◆ **Required action**
Repeat every record below exactly, omitting any pictures.

◆ **Task inputs**
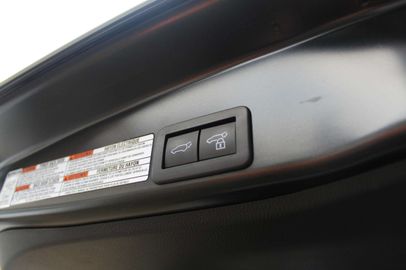 Car image 36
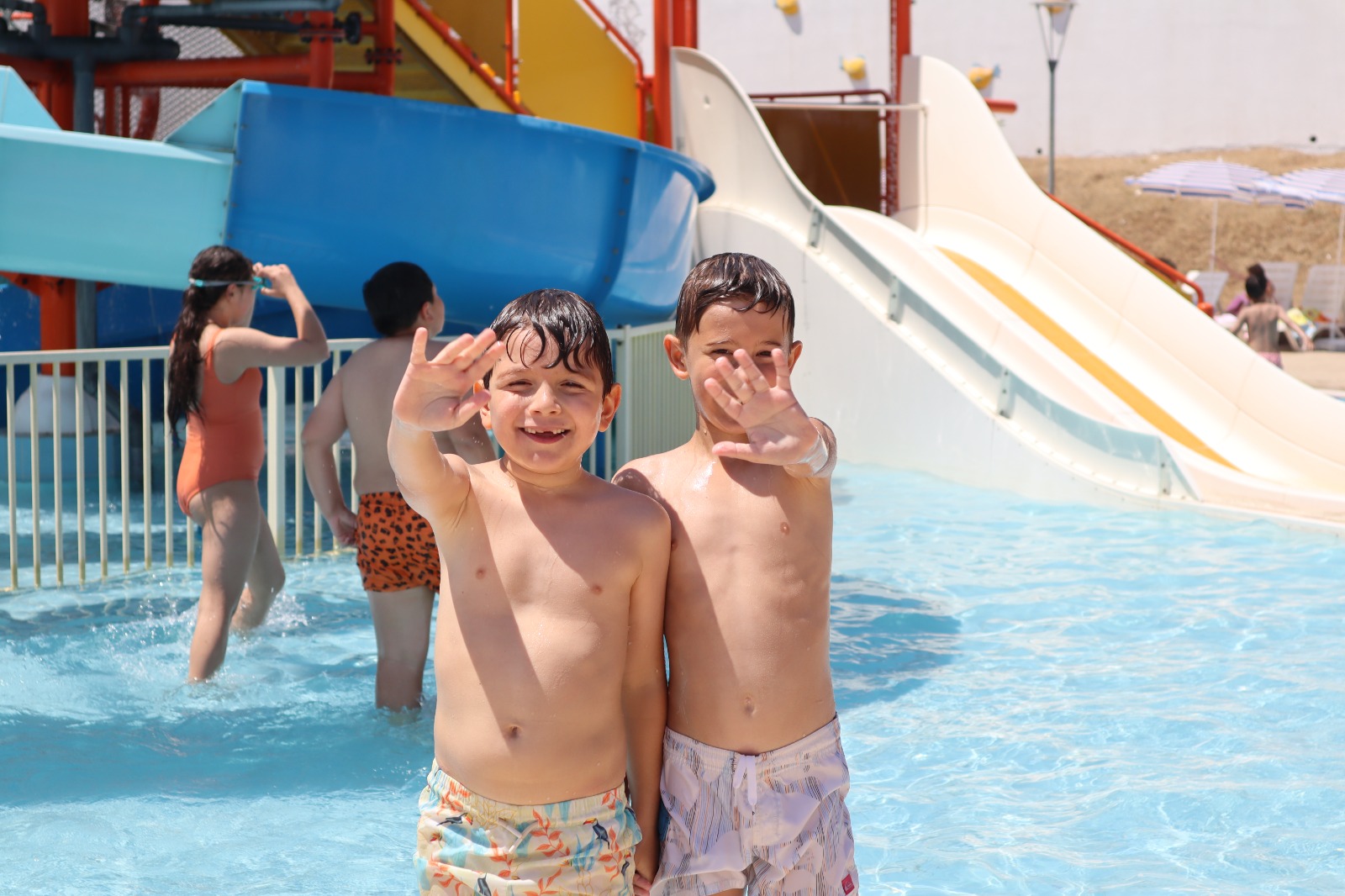 İzmit Belediyesi Aquapark’ı yoğun ilgiyle açıldı (1)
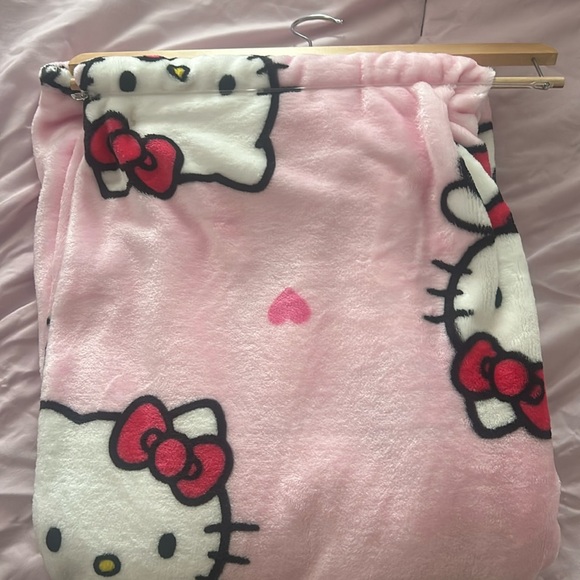 Other - Hello Kitty Valentines Blanket
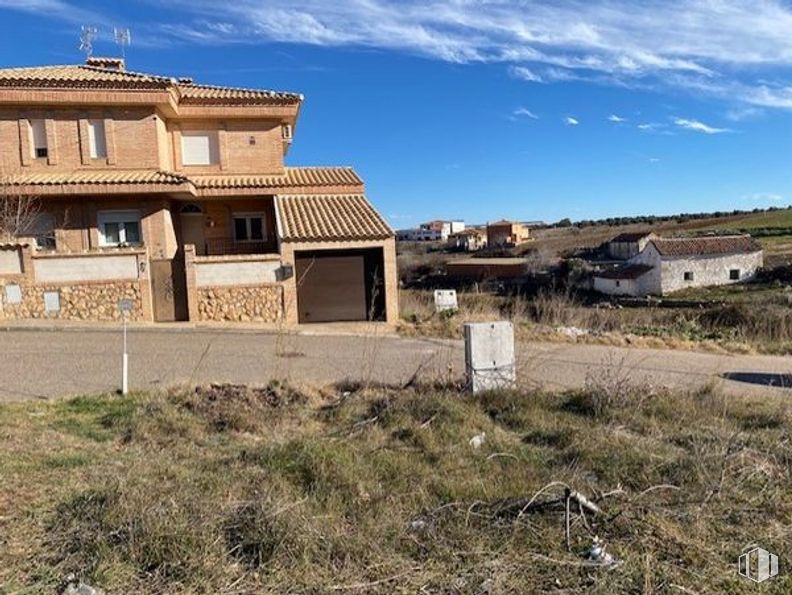 Land for sale at Calle América, Navahermosa, Toledo, 45150 with house, sky, cloud, property, plant, window, building, land lot, residential area and landscape around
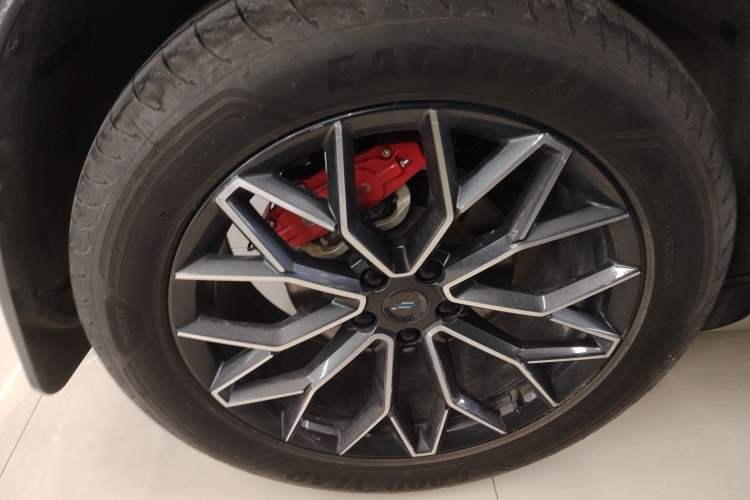 Used Oshan Z6 New Energy 2023 ZhiDian iDD 150KM Flagship PLUS Smart Parking Edition
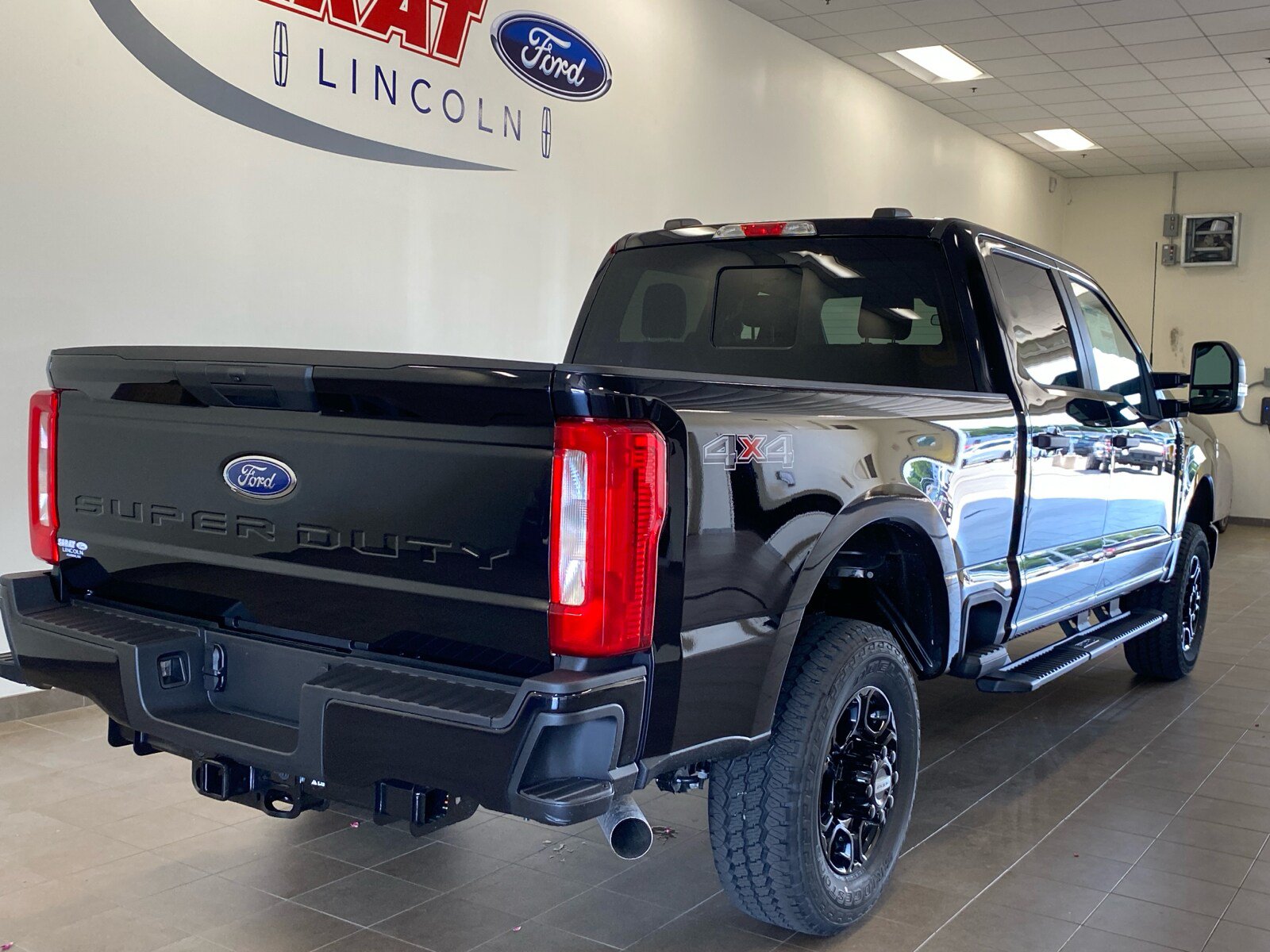 New 2026 Ford F250 4x4 Crew Cab Super Duty image 14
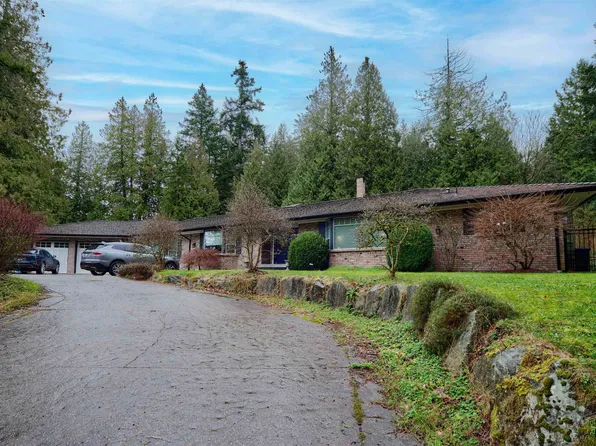 3292 136th St, Surrey, BC V4P 1K7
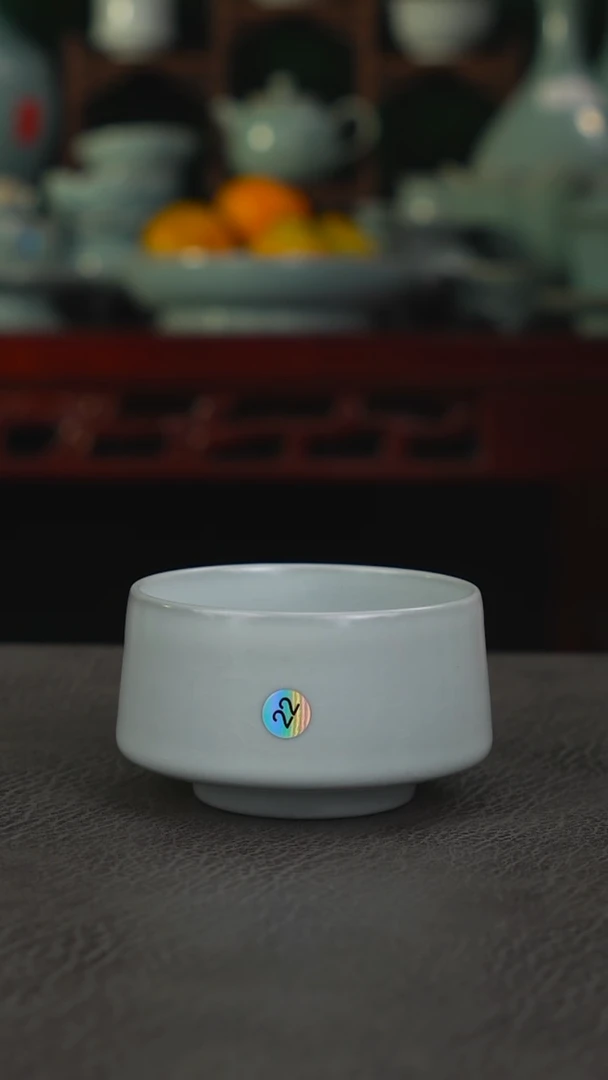 月白釉22号望月杯微微瑕-二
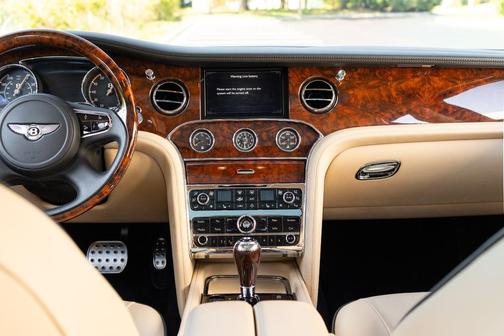 Black 2014 Bentley Mulsanne Sedan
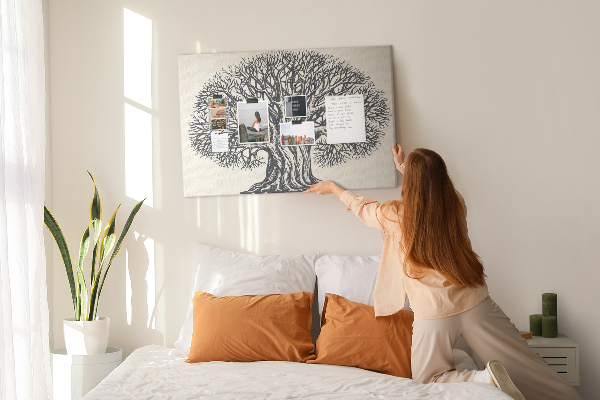 Kurkbord met een print van verstrengelde zwarte boomtakken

◆ **Task output**
 Car image 36
 İzmit Belediyesi Aquapark’ı yoğun ilgiyle açıldı (1)
 Other - Hello Kitty Valentines Blanket
 Land for sale at Calle América, Navahermosa, Toledo, 45150 with house, sky, cloud, property, plant, window, building, land lot, residential area and landscape around
 Used Oshan Z6 New Energy 2023 ZhiDian iDD 150KM Flagship PLUS Smart Parking Edition
 New 2026 Ford F250 4x4 Crew Cab Super Duty image 14
 3292 136th St, Surrey, BC V4P 1K7
 月白釉22号望月杯微微瑕-二
 Black 2014 Bentley Mulsanne Sedan
 Kurkbord met een print van verstrengelde zwarte boomtakken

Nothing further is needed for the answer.